# Ariens w/ H60 Tecumseh ?



## KSnow (Nov 19, 2015)

I have a 1964 Ariens 10ML60D w/ a Tecumseh Model # H60, it appears that the rest of the # is 75003D... When I look it up in Tecumseh the closest engine #'s are 75003F, 75003G & 75003H, anyone else run into this problem?
Thanks!


----------



## jtclays (Sep 24, 2010)

It may be "G", pretty close to a "D" shape???
Taking a wild azz guess, as I have been tricked myself.
Sometimes a magnifying glass or a very bright light shined sideways over the numbers reveals it better.:wavetowel2:


----------



## KSnow (Nov 19, 2015)

Maybe, but I don't think so.... I am going to attempt to add an enlarged copy of the photo, maybe someone else can see better than myself... Thank you!


----------



## KSnow (Nov 19, 2015)




----------



## ELaw (Feb 4, 2015)

You probably know this already but it's really hard to tell anything with that small image! I think you're going to need to upload a larger one.

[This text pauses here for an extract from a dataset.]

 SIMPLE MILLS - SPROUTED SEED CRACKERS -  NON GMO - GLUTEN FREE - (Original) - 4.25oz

But one thing I can see: that doesn't look like the right engine for the machine! It looks like the carburetor is exposed, and there's a cylindrical air filter. Tecumseh snow engines have no air cleaner, and a squarish cover over the carb which feeds warmed air from the engine to the carb and keeps snow off it.

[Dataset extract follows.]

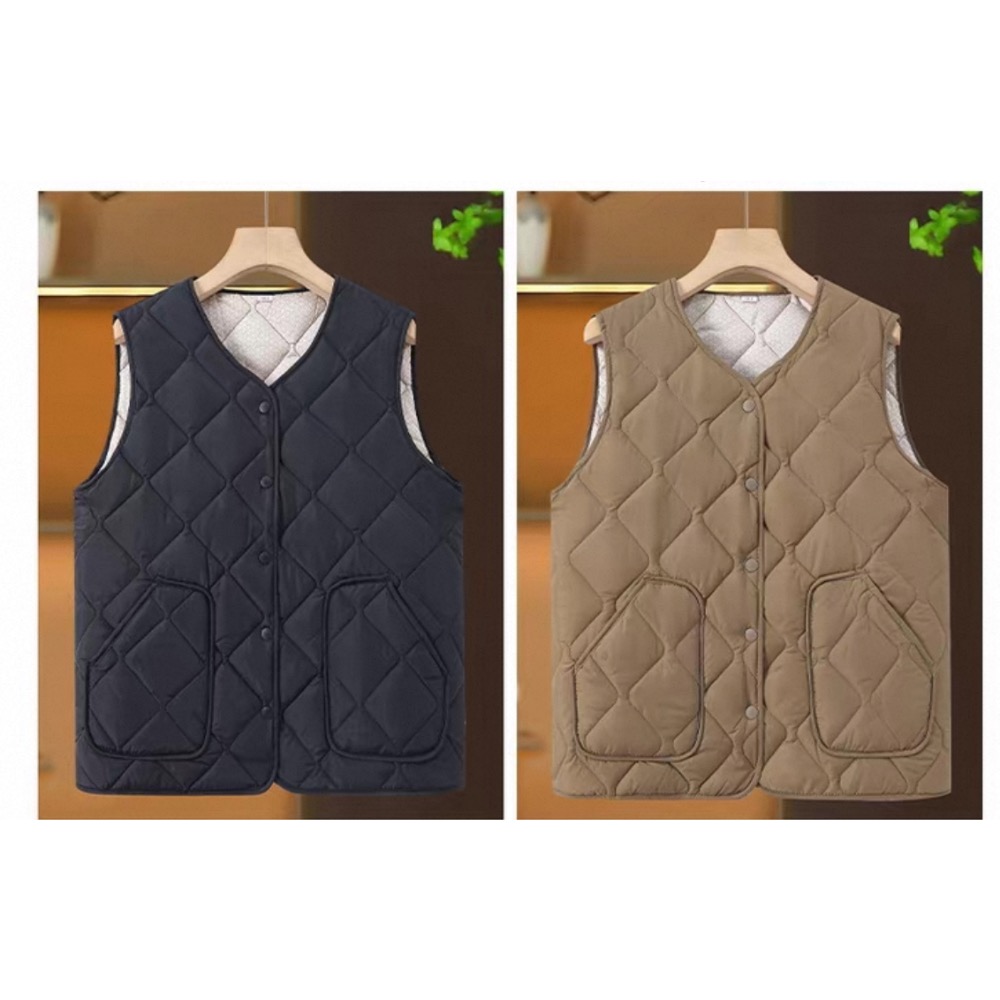 菱格紋背心黑/咖-規格圖1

What problem are you trying to solve? Maybe it can be figured out without having the exact model number of the engine.


----------



## Jackmels (Feb 18, 2013)

Actually, I've seen the round air filter base on Ariens snow engines, mounted to the carbs under the air box. I assume for Trac-Team Attachnent usage that you would remove the air box and attach the Round air cleaner to the base with the 2 screws.


----------



## db130 (Feb 16, 2013)

+1 to the round air filter base under the airbox, I have seen this more than once.


----------



## KSnow (Nov 19, 2015)

Yeah I know, this was the best I could do with the picture... I will work on it this weekend & try and get a larger photo posted.... I see what you are talking about - no heater box!! The "air cleaner" does not have a filter, it serves only as a cover for the carburetor. I have seen a few units older than mine that have the same set up - no heater box. I think mine is considered the "first series" in '64, not the 10,000 series, maybe that is the reason for the different carb. set up?? The engine serial # is 4297 - I think the "4" stands for 1964?? I do not have any problems at the moment, I like to make a quick reference list with the year, model, engine ect. for when I do need to order something. Thanks for the input!!


----------